В отличие от многих своих современниц, Одоевцева в России стала прославленным
автором. В эмиграции же время для нее "как будто пошло вспять". "Из
поэта настоящего, поэта, возраст которого не играет роли", она вдруг превратилась
в "молоденькую поэтессу" и "молодую романистку", как ее
неизменно называли критики, и оставалась в этой роли почти до конца войны. С
ней в эмиграции "случилось обратное, чем с гадким утенком в сказке Андерсена"
(там же, 626-627).
Незадолго до войны Г. Иванов и Одоевцева для заработка решили обратиться к
тому, что сегодня называют массовой литературой, и в соавторстве написать роман.

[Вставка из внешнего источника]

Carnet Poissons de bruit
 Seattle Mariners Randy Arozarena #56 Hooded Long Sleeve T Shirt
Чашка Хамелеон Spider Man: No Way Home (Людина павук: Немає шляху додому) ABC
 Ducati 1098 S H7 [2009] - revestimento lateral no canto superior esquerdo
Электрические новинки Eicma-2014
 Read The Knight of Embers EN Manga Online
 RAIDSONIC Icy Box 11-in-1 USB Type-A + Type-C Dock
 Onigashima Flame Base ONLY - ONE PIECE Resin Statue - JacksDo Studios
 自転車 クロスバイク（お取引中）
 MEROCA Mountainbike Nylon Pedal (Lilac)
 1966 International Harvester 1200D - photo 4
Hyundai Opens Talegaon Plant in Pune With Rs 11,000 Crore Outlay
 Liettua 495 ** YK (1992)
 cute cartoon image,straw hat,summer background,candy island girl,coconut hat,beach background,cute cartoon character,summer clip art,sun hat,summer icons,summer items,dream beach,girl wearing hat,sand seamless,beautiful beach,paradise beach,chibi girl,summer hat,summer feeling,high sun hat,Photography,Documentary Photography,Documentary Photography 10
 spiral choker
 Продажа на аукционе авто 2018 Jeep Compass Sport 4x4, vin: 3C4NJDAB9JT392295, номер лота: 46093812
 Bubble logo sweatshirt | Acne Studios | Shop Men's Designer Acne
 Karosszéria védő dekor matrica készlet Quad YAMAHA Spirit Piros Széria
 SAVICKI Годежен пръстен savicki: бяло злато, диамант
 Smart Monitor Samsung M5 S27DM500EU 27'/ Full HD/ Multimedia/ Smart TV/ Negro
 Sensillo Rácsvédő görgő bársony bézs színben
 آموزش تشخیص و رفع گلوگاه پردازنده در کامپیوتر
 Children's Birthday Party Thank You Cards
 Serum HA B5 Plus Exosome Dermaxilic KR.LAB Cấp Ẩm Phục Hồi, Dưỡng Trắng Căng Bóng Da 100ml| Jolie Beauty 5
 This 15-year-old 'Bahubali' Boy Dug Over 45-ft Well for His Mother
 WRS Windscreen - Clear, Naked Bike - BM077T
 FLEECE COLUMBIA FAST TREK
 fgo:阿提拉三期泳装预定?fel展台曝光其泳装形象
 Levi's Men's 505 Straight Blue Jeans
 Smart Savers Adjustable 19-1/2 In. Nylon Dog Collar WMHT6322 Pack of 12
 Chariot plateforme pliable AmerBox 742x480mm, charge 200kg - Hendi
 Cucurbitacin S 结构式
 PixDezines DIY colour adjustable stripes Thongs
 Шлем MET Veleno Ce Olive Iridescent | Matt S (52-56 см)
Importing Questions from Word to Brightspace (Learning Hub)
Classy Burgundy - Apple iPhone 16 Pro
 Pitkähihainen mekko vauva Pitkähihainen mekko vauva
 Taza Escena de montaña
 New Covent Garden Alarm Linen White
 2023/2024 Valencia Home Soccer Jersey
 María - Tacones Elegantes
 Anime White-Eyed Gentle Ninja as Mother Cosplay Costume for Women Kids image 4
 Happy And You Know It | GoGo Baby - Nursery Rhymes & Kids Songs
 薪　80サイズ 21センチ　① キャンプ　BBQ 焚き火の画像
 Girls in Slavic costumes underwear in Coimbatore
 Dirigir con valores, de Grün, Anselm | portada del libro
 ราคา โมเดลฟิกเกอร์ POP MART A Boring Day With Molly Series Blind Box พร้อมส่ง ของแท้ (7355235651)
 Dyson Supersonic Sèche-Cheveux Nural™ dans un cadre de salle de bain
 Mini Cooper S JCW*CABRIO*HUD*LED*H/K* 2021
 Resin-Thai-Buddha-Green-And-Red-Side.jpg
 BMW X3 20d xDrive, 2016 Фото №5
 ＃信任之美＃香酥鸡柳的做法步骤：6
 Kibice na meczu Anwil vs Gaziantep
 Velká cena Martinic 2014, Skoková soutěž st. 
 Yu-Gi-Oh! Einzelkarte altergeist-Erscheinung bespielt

Иванов придумал содержание и решил, что Одоевцева будет писать о молоденькой
героине, т.е. предоставил ей разрабатывать любовную линию; себе же оставил политическую.
Когда, убедившись в нереальности подобной затеи, Одоевцева довольно быстро написала
роман самостоятельно, удивлению ее мужа не было предела. "С этого момента
он наконец поверил в меня как в писателя и даже стал допускать в свою писательскую
кухню. Он поручал мне дописывать свои статьи, которые, в отличие от стихов,
всегда давались ему с трудом" (там же, 785).
Как разновидность "bad faith" можно рассматривать и свойственные
женщинам (впрочем, не только им) сомнения в собственных силах, см., например,
весьма показательные записи Кузнецовой: "Я потеряла смелость. Писать какой-либо
роман рядом с ним [Буниным — О.Д.] — претенциозно и страшно"
(КУЗНЕЦОВА, 1 июля 1927); "Мне кажется, что все, что я даю ему читать,
должно казаться слабым, беспомощным, и сама стыжусь этого" (там же, 4 февраля
1928, 58); "По-прежнему сомневаюсь в себе, тоскую, браню себя за лень,
хотя все время как будто что-то делаю" (там же, 22 авг. 1928, 73) и пр.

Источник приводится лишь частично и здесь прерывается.